Some coaches earned their first chance with a big programme, others will be under pressure to deliver. Nothing new in the NCAA, and of course coaches and coaching will be a focus as much as the players. Sometimes, the coaches are stars in and of themselves, and they deserve the spotlight. So here’s a quick recap of what changed on the coaching side in the offseason and who’s worth to keep an eye on in the next months.
UNLV bench was one of the top stories this summer. David Rice was fired and Mark Cronin declined the job. The next candidate was Chris Beard, who led Arkansas Little Rock to a surprising 30-5 record and an upset of Purdue in the first round. Everything was agreed upon, the contract was signed and the formal media presentation was made, until the young coach changed his mind and decided to move to Lubbock and take the head coaching job at Texas Tech, where he was assistant to the legendary Bobby Knight.
Beard was chosen to take Tubby Smith‘s place, who was offered to replace John Pastner in Memphis. Pastner, a former Calipari assistant who never lived up to the hype in Tennessee, moved to the ACC and took the head coaching seat at Georgia Tech, a programme that has been out of the tournament since 2010. Finally, UNLV got its head coach in Marvin Menzies, who led New Mexico State to the tournament four times in five years in his first tenure in that capacity. Paul Weir, a former Menzies assistant, will be tasked with contending for the WAC title, and will also have the chance to play against two of the four Italian freshmen in Mattia Da Campo and Scott Ulaneo, now with the Seattle Redhawks.
The Big 12 will feature two new head coaches.

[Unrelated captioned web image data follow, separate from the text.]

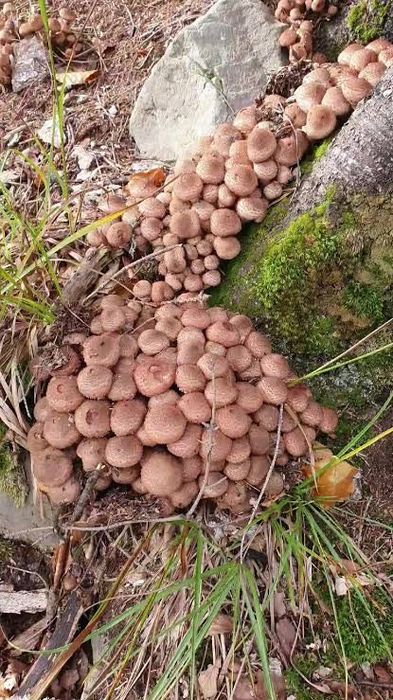 Vând opintici de toamnă ‼️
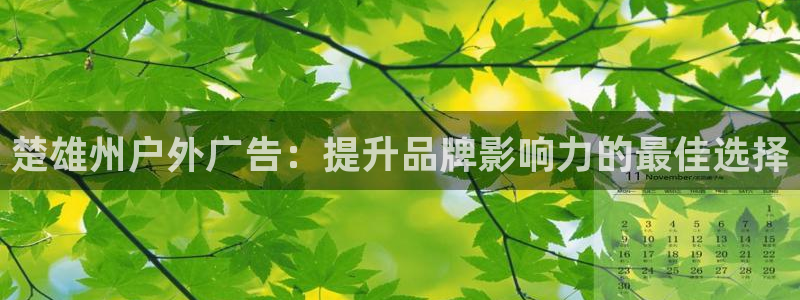 杏宇平台招商怎么样：楚雄州户外广告：提升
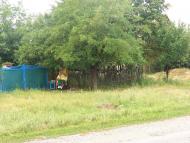 Рози Люксенбург з panoramio.com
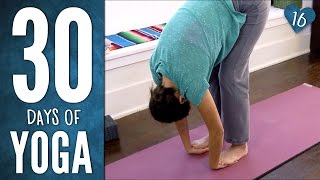 Day 16 - Easy Breezy Beautiful Yoga - 30 Days of Yoga screenshot 4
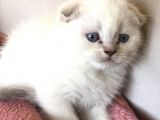 Scottish Fold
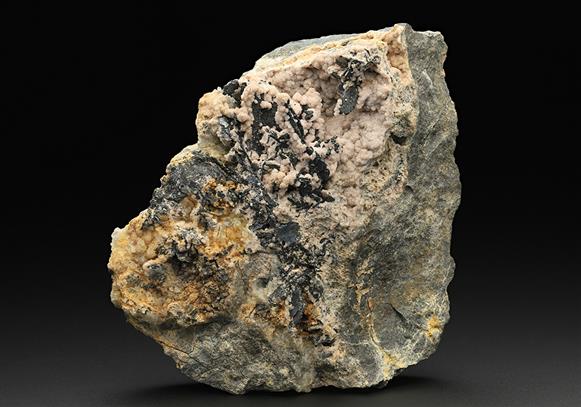 CC12001 specimen image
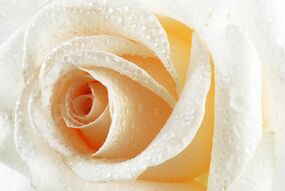 Фотообои Капли росы на нежной розе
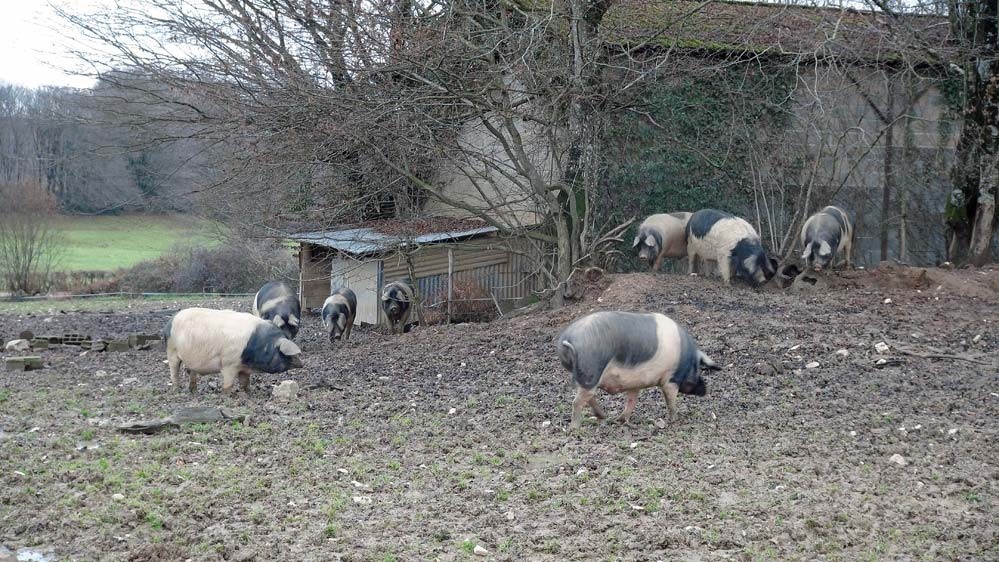 Culs noirs en libertés (sur la route qui mène à Perbin)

Jamie Dixon, who spent the last thirteen years on the Pittsburgh bench, got the job at TCU. After his good work with the Panthers, worth a couple of 30-win seasons and the Elite Eight in 2009, he will now try to bring back to respectability a programme like TCU that has not been relevant for the last few years. Oklahoma State might be the winner of the offseason in this category after signing Brad Underwood, one of the youngest and brightest minds in the NCAA. It took him only three years to build a winning culture and lead the Lumberjacks to the tournament, thanks to his widely praised motion offence. The difficult task of replacing Underwood in Texas fell to Kyle Keller who, despite being in his first season as head coach, already made clear he wants to create a recognizable Lumberjack brand of basketball and turn Stephen F. Austin into one of the most desirable mid-major in the NCAA, following the example of programmes like Gonzaga, VCU and Wichita State.
Last but not the least, SEC and ACC had a few changes as well, starting with Kevin Stallings, who moved to Pittsburgh to replace Dixon, while Bryce Drew will move to Vanderbilt. Jerood Hasse, after shocking the NCAA world with the upset of his UAB over Iowa State a couple of years ago, moved to Stanford and the Big 12. Travis Ford, fired by Oklahoma State, is the new head coach of St. Louis. Rick Stansbury, in his first coaching gig after the experience with Mississippi State in 2012, is back at work with Western Kentucky and already turned some heads by recruiting the five-star prospect Mitchell Robinson and by staying in the mix to sign Malik Newman up until the end. Last, but certainly not the least, Mike Dunleavy Sr is back in the coaching business, for the first time on a college bench with Tulane.
Of course there will be plenty of hot seats, starting with UCLA‘s Steve Alford. Illinois head coach John Groce is likely to be under pressure as well. Last season, a slew of injuries destroyed any kind of chemistry the team was developing, and the Fighting Illini attempt to return to relevance failed before it even got underway. Injuries might excuse such a disaster, but he will have to prove he is the right choice.
Another coach not living up to expectations is Richard Pitino, who does not seem to be quite at his father level and very much in danger of losing his job in Minnesota. After a decent first season, closed with the NIT title, Pitino Jr never succeeded in turning his players into a coherent team, with poor results in the Big 10. Finally, LSU bench might be available in the near future. Ben Simmons, the biggest talent in Baton Rouge since Shaquille O’Neal, was not enough to go back to winning. And now Johnny Jones is under scrutiny and must get his ticket for the 2017 tournament, especially considering the level of competition in the conference is not prohibitive.